WESTERN AUSTRALIAN ELECTION 2017

Baldivis


Margin: Labor 8.8%*
Region: South Metropolitan
Federal: Brand
* New electorate

RESULTS AT 2013 ELECTION
PREVIOUS ELECTION RESULTS MAP

Candidates in ballot paper order

MALCOLM GEORGE
Liberal (centre)


KATH SUMMERS
Independent


CHRISTINE FEGEBANK
Greens (bottom)


MATT WHITFIELD
Independent


JOHN CARL ZURAKOWSKI
One Nation


REECE WHITBY
Labor (top)


YVETTE HOLMES
Australian Christians


PRABHPREET SINGH MAKKAR
Micro Business Party


CRAIG HAMERSLEY
Independent




The new seat of Baldivis takes its name from a suburb 45 kilometres south of central Perth, and further encompasses Bertram and Wellard west of the freeway at its northern end, and the interior edge of Rockingham at Cooloongup and Waikiki in the west. With the exception of the latter areas, which date to the 1990s, the area consists of developments that have emerged almost entirely over the last decade. It is accordingly dominated by young families, with the Rockingham end being both older and lower in income. More than three quarters of the voters were formerly in Kwinana, which has been reoriented further to the north, with the rest coming from Warnbro in the south.

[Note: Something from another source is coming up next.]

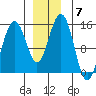 Taku Point tide chart for Tuesday, December 7, 2021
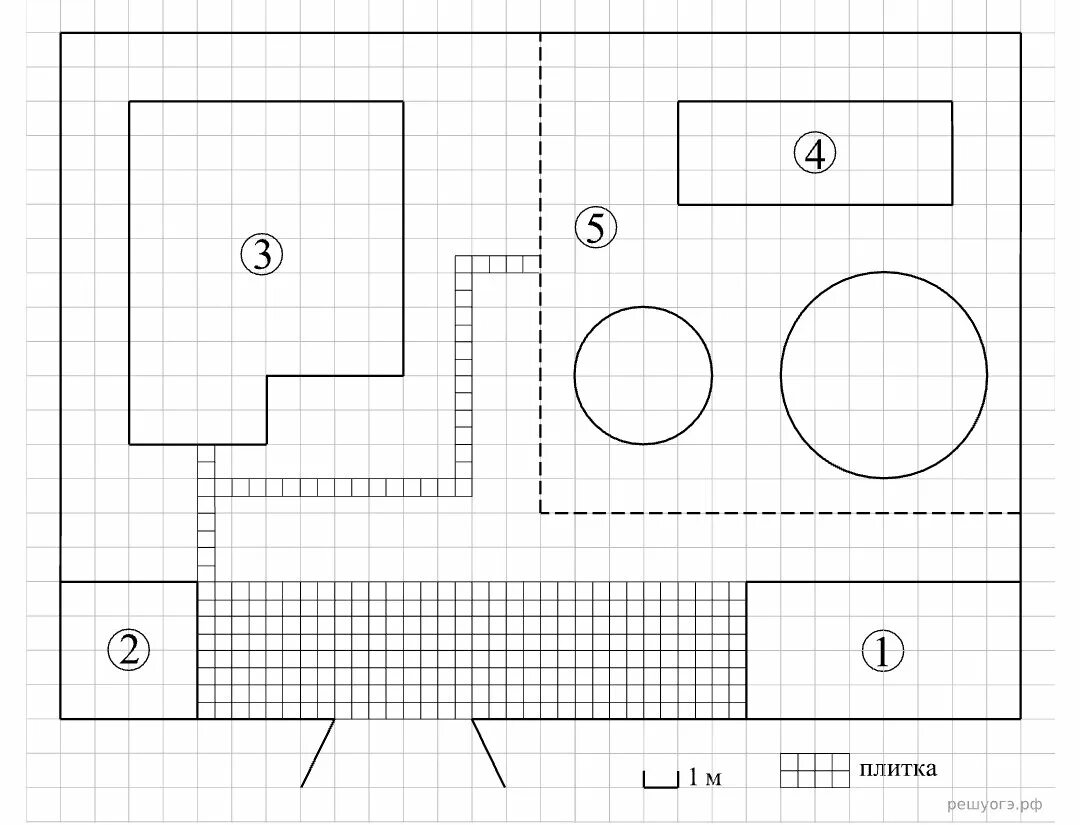 Площадь домика по клеткам. Площадь участка план. На плане изображено домохозяйство по а. Задача с планом участка ОГЭ.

Baldivis will be contested for Labor by Reece Whitby, a former Channel Seven journalist who was twice unsuccessful in the northern suburbs seat of Morley in 2008 and 2013. He was preselected on the first of these occasions at the instigation of the then Premier, Alan Carpenter. This thwarted the designs of John D'Orazio, who hoped to contest the seat after the abolition of his existing seat of Ballajura, despite losing his ministry after becoming embroiled in Corruption and Crime Commission investigations, and being expelled from the party for a period. D'Orazio then proceeded to run as an independent and directed his preferences against Labor, boosting Liberal candidate Ian Britza to an unexpected victory.

Whitby has lately worked as media adviser to Mark McGowan, who helped secure his endorsement in Baldivis without opposition. This was confirmed by the party's state executive shortly after Stephen Smith suggested the seat might provide him with an entry point to parliament as part of his ill-fated leadership pitch in early 2016.